En Oklahoma, en el corazón de los Estados Unidos, se ha vivido un episodio macabro que resume toda la sordidez que envuelve a la pena de muerte, todavía en vigor en la primera potencia de la tierra, que es además, y pese a algunos atavismos, una gran democracia. Como se ha publicado, un condenado a muerte, Clayton D. Lockett, acusado de un horrendo crimen en 1999 „disparó contra una joven y la enterró viva„, tardó 43 minutos en morir tras la inyección letal, y acabó falleciendo de un infarto. La razón de esta dramática incompetencia parece ser la no disponibilidad de los venenos adecuados, que la industria farmacéutica europea se niega a proporcionar a los norteamericanos para que no sean utilizados en ajusticiamientos.
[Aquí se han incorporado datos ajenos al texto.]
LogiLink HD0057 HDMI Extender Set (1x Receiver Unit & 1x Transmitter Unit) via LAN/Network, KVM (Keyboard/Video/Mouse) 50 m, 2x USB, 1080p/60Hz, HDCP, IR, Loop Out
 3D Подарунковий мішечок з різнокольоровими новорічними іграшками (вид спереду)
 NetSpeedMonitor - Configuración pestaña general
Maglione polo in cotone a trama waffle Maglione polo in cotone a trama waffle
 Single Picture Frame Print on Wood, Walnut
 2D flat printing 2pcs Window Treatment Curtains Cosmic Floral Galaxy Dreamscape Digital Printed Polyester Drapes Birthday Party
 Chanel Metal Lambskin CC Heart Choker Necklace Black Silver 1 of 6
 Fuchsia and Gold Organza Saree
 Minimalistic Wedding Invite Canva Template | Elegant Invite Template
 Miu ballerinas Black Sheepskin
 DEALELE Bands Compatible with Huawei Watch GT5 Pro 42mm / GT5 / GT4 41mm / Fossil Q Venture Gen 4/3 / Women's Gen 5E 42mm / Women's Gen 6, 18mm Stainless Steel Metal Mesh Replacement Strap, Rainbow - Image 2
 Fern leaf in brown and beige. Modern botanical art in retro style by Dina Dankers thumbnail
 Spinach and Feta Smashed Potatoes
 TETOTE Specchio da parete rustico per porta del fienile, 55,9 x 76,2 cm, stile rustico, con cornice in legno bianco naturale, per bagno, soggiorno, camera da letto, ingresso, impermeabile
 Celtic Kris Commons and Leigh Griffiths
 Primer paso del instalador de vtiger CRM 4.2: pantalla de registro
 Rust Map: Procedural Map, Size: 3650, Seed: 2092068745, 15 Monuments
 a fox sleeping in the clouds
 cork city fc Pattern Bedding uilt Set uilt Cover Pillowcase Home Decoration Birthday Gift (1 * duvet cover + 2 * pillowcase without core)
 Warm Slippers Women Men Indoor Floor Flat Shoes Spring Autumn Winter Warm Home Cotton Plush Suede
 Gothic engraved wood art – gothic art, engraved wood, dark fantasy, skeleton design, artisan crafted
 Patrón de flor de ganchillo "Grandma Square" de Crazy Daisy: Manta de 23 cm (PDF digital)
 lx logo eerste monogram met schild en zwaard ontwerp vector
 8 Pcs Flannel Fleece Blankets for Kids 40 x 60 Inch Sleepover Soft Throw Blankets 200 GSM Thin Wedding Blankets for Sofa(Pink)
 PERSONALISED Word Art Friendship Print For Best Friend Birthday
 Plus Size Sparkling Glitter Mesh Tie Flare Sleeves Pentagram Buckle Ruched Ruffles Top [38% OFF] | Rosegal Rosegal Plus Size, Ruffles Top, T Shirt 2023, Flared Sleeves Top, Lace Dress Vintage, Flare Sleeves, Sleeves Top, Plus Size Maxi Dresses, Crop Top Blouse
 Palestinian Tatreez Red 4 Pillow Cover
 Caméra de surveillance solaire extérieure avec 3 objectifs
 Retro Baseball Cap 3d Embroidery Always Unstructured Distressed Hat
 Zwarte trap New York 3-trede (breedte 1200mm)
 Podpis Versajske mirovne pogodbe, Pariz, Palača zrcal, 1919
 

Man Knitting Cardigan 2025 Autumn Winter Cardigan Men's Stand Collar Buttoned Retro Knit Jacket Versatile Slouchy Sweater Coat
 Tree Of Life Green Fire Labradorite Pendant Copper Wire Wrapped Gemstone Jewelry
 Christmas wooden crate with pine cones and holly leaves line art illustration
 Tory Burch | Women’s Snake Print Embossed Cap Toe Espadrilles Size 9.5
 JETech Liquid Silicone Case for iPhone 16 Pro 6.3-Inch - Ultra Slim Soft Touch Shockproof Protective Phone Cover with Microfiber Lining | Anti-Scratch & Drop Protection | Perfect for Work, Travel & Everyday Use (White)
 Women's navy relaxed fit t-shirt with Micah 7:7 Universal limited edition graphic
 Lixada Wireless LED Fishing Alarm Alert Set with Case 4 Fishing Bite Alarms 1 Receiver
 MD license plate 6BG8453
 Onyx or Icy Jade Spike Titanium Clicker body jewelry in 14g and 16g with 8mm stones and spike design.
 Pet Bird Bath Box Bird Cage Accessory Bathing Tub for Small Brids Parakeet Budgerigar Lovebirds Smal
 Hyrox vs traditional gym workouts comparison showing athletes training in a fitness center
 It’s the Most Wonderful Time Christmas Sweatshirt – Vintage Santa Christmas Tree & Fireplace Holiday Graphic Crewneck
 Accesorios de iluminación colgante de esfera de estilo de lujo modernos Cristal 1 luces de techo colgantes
Como es natural, los enemigos de la pena de muerte, dentro y fuera de los Estados Unidos, que somos todos los ciudadanos decentes sin excepción, han / hemos utilizado este horrendo episodio para exigir el fin de una práctica que está en flagrante contradicción con los grandes valores democráticos. De momento, la única reacción de la gobernadora de Oklahoma ha sido suspender las siguientes ejecuciones y ordenar una revisión del método utilizado. Los demás países democráticos que han abolido sin excepción la pena de muerte „todos ellos salvo EE UU y Japón„ no deben cejar en su campaña contra esta iniquidad, impropia de la nación que alardea de sus libertades y ejerce un indudable liderazgo mundial.